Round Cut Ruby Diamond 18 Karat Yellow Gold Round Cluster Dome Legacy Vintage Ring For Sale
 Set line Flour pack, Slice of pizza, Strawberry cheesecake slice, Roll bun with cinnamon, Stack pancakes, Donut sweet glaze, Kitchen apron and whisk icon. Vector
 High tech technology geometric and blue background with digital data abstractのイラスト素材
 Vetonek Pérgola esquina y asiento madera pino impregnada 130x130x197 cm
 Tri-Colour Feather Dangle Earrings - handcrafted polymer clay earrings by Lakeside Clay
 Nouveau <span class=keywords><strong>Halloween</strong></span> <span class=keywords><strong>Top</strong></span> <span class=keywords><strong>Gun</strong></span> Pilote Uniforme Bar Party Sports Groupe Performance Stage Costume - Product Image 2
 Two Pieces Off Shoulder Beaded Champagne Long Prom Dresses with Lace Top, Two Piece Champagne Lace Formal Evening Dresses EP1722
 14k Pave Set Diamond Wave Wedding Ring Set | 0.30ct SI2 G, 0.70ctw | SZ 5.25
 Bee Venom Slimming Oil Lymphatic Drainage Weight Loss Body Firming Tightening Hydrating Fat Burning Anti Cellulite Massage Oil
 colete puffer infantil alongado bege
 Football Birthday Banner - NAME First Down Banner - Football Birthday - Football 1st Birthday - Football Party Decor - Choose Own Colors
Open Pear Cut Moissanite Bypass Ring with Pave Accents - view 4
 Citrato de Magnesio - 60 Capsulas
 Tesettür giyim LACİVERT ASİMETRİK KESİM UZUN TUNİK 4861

▶ [Work item]:
Reproduce the listing above exactly from the line containing "Bee Venom Slimming" through its last line, with both of those lines included.

▶ [Answer below]:
 Bee Venom Slimming Oil Lymphatic Drainage Weight Loss Body Firming Tightening Hydrating Fat Burning Anti Cellulite Massage Oil
 colete puffer infantil alongado bege
 Football Birthday Banner - NAME First Down Banner - Football Birthday - Football 1st Birthday - Football Party Decor - Choose Own Colors
Open Pear Cut Moissanite Bypass Ring with Pave Accents - view 4
 Citrato de Magnesio - 60 Capsulas
 Tesettür giyim LACİVERT ASİMETRİK KESİM UZUN TUNİK 4861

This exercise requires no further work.